**Instructions to follow:** Retype the data that follows exactly. No pictures belong in the copy.

*** Input data ***

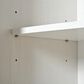 HOMLUX 55" Farmhouse Kitchen Island with Power Outlet in White, , large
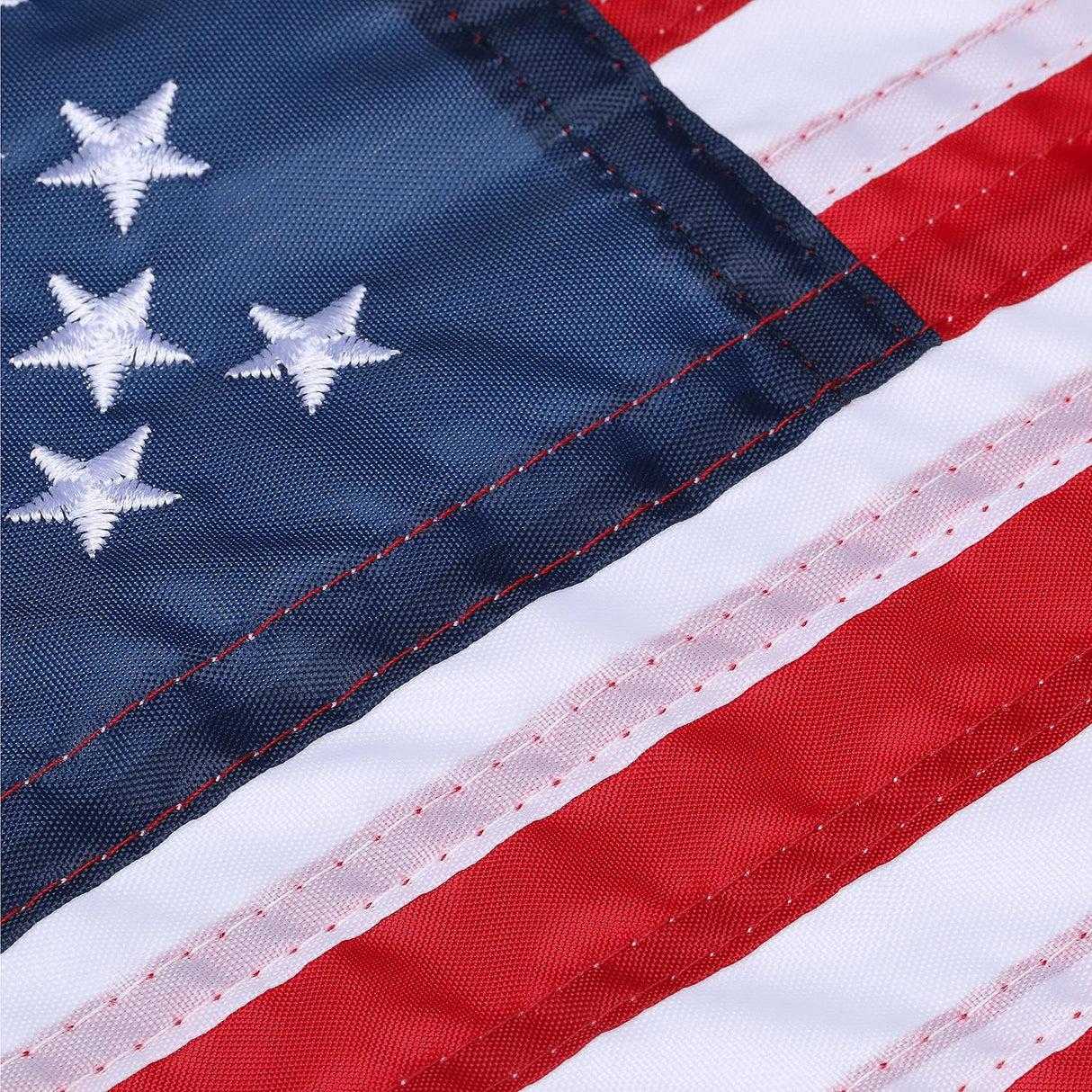 Seachoice 78211 12" x 18" Deluxe Sewn U.S. Flag (Restricted from sale into MN)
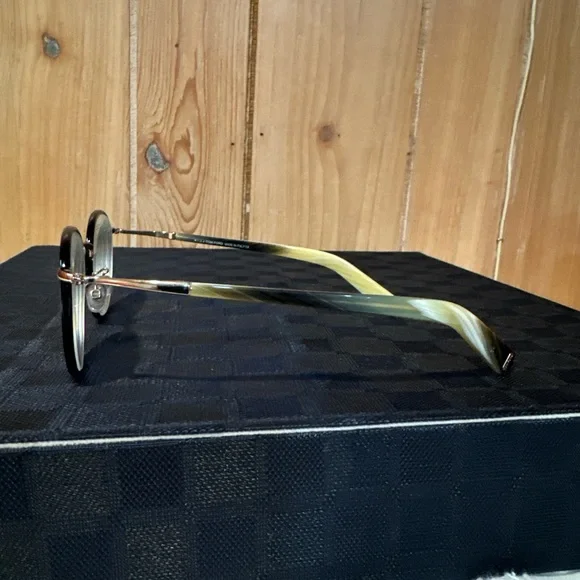 TOM FORD 5332 COL 005 SIZE 51/20/150. HORN TEMPLE BLACK METAL FRONT. - Picture 3 of 8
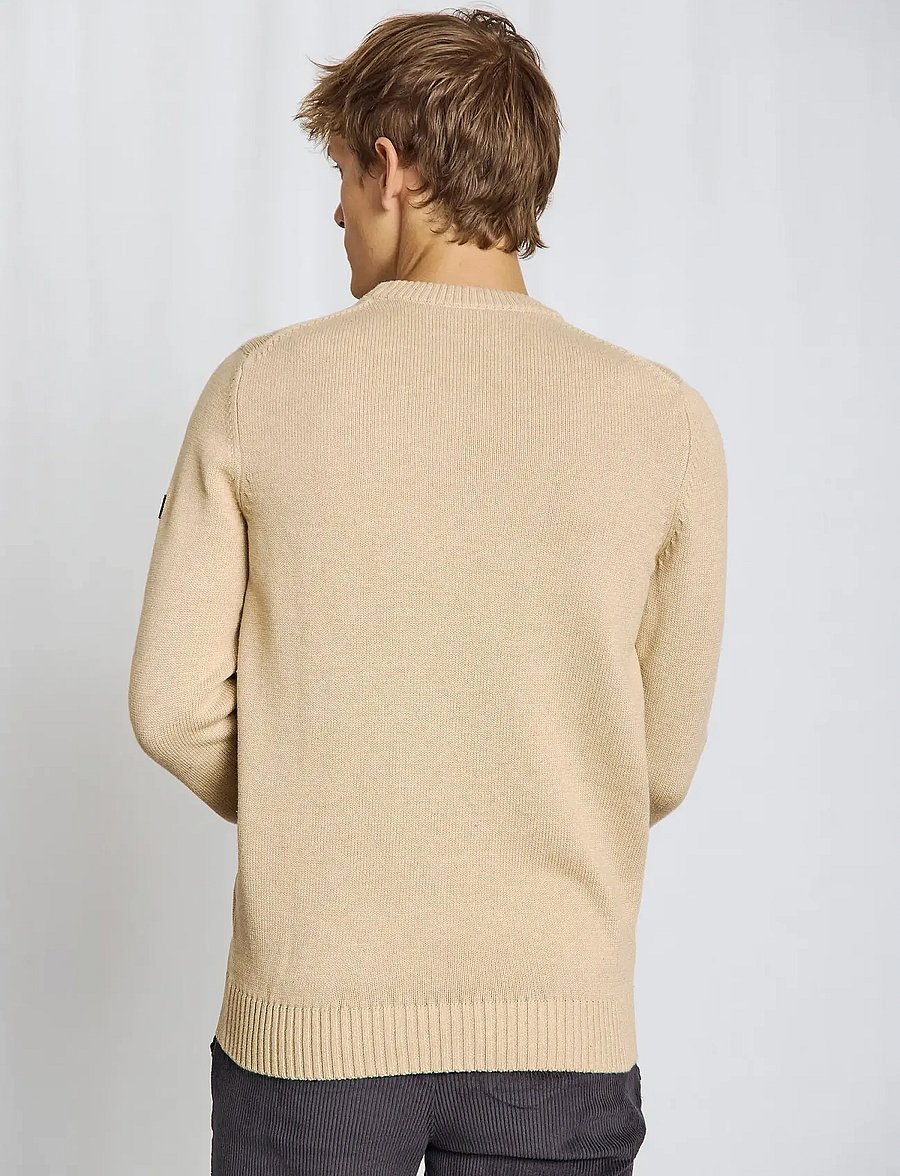 Bruun & Stengade - BS Thorstein Regular Fit Knitwear - rundhals - sand - 0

*** End of Input data ***

**Expected answer:**
 HOMLUX 55" Farmhouse Kitchen Island with Power Outlet in White, , large
 Seachoice 78211 12" x 18" Deluxe Sewn U.S. Flag (Restricted from sale into MN)
 TOM FORD 5332 COL 005 SIZE 51/20/150. HORN TEMPLE BLACK METAL FRONT. - Picture 3 of 8
 Bruun & Stengade - BS Thorstein Regular Fit Knitwear - rundhals - sand - 0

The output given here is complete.